Our days were spent getting into the finer details of diving (plus 4 getting down to the ocean bottom dives), and the nights were spent kuiering in bars that spilled over onto the beach. Every night, new star systems were created by orange paper lanterns that were floated into the sky to hang in orange constellations that never existed before and will never exist again. People talked about the world under the sea and the differences in languages and compared motorcycle accident wounds. Conversations mingled with misunderstanding due to heavy accents and English not being anyone's mother tongue. We watched toned, tattooed Thai guys play fire as if they were brushing their teeth (perfection, precision, but with no passion), and walked up and down the beach with our feet in warm water.
And, as if KT didn't give me enough by just existing, it also gave me free food the one night.

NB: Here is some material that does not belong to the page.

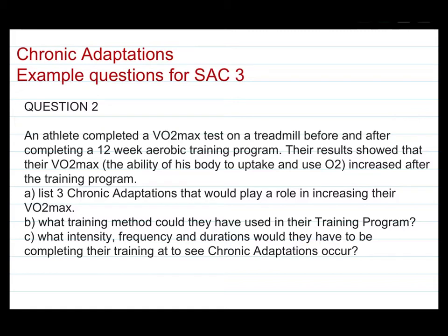The results showed that their VO2 max — the ability of the body to uptake and use oxygen — increased after their training program. The three parts are: A, list three chronic adaptations that will play a role in increasing their VO2 max; B, what training method could they have used; and C, what intensity, frequency and duration would they have to be completing their training at to see chronic adaptations occur?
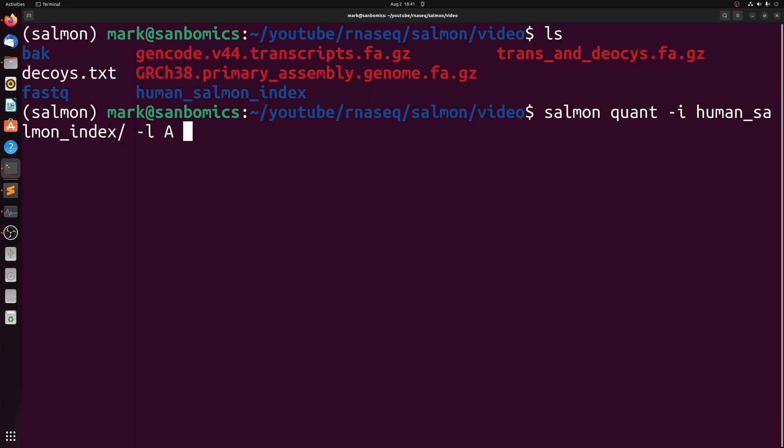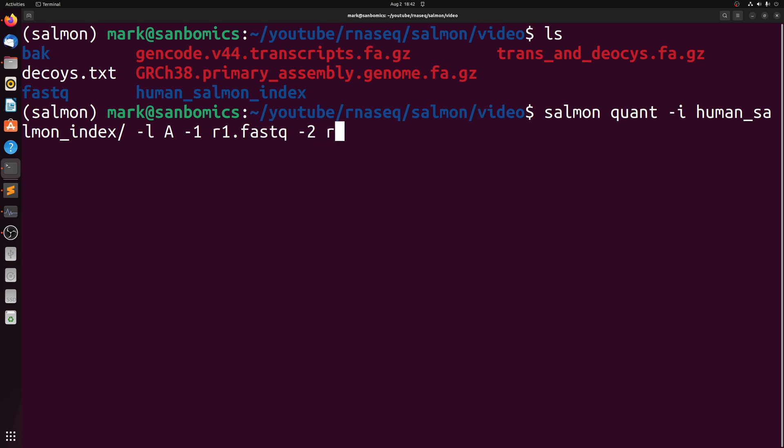And then if you have single read files, you're going to pass dash R and then the path to your FASTQ, but we have paired reads. So we're going to do dash one, and then this is going to be the path to the R1 FASTQ file. And then dash two is going to be the path to the R2 FASTQ.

Some of the crew went to an Italian restaurant, and I missioned off with Paula and the Dutch dude to find Thai food. We got to a cosy restaurant and walked in to check out the menu.
"Oh, everything is free tonight." the girl at the counter replied.

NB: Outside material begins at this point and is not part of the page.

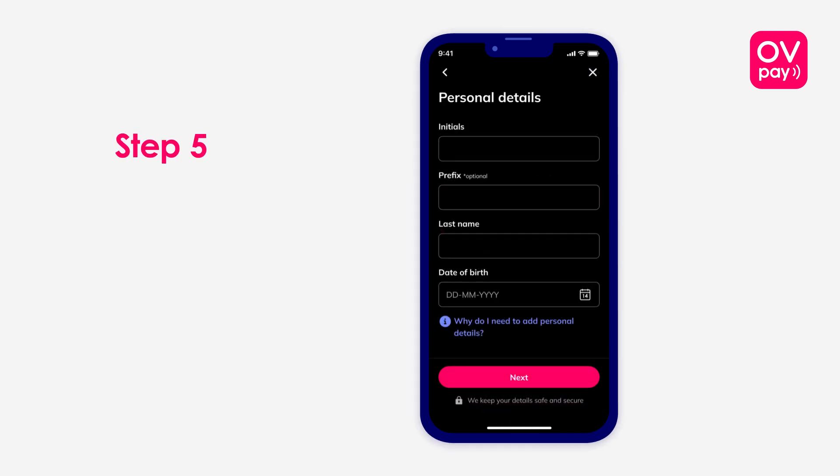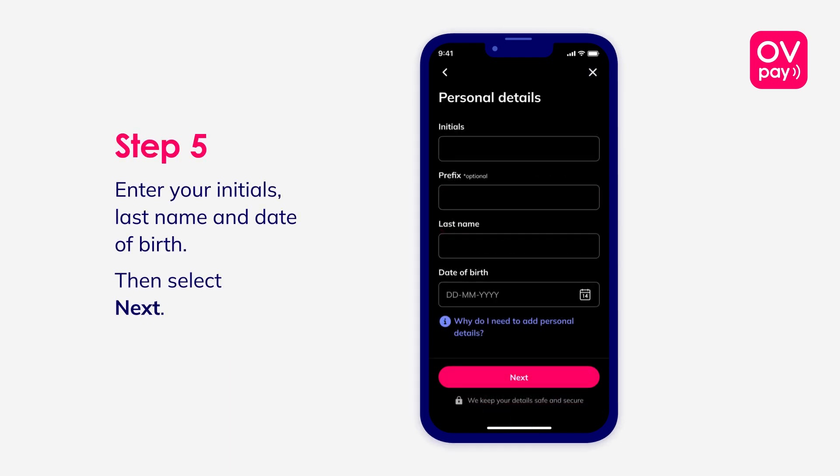Step 5: Enter your initials, last name and date of birth, then select Next.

We "but..but.." gulped air like fish on dry land, trying to understand what exactly she meant by that.
One of the waiters saw us fumbling around in confusion, and explained that it was the owner's birthday and to celebrate, he had a massive table filled with creamy oysters, spicy meat, mountains of pasta and big bowls of punch, all on the house. We filled our plates, giggling like kids in a candy store. It was a feast, and to top it all off, a girl came around dishing out pieces of chocolate cake. Indeed, my idea of paradise.
An environmental note
it doesn't end there.
When I did my first dive a few days after, I was trying to establish buoyancy in the fantasy environment of the underwater world. I was completely enamored by the utter alienness of it.. until I spotted a nice, fat green beer bottle 12 meters under the surface. Thank you, human race. No worries- that bottle is sure to disappear in, let's see, about 5000 years or so. No harm done.
Koh Pan Gnan
The next day we had pancakes for breakfast, and headed through to Hat Rin, the main party beach in the early morning. There we hung around, eating, drinking, sunning ourselves in bikinis and swimming in the motionless turquoise ocean until night fell. New Year's eve was a mad mass of people, buckets, milkshakes, dancing, getting lost, getting found, true talks on the beach, playing fire (oh how my fingers itched to play again). Dodgy Thai guys that moved in packs, wading into the ocean with my camera (nice one), Tigerbalm Tommy and the plumber, taking photos of some dude's back with a flag painted on it, the Scottish-Nigerian dude who spilled our bucket (promplty getting a punch from me for that one), an SA dude with a tongue ring sitting on a rock, a zillion dudes pissing into the sea, Jen doing eyeliner for me in a nice bathroom, bumguns and memoryloss. Jen and I spent a great deal of the evening looking for Dimple, who we lost at about ten in the evening. We found her the next day around 11am, sitting under a palm tree with some guy who looked after her for the last part of the evening. It was mad, it was brilliant. The sun was high into the sky, and I was still dancing my heart out on top of a speaker with a mad grin on my face, fueled by Thai Red Bull and a lust for life.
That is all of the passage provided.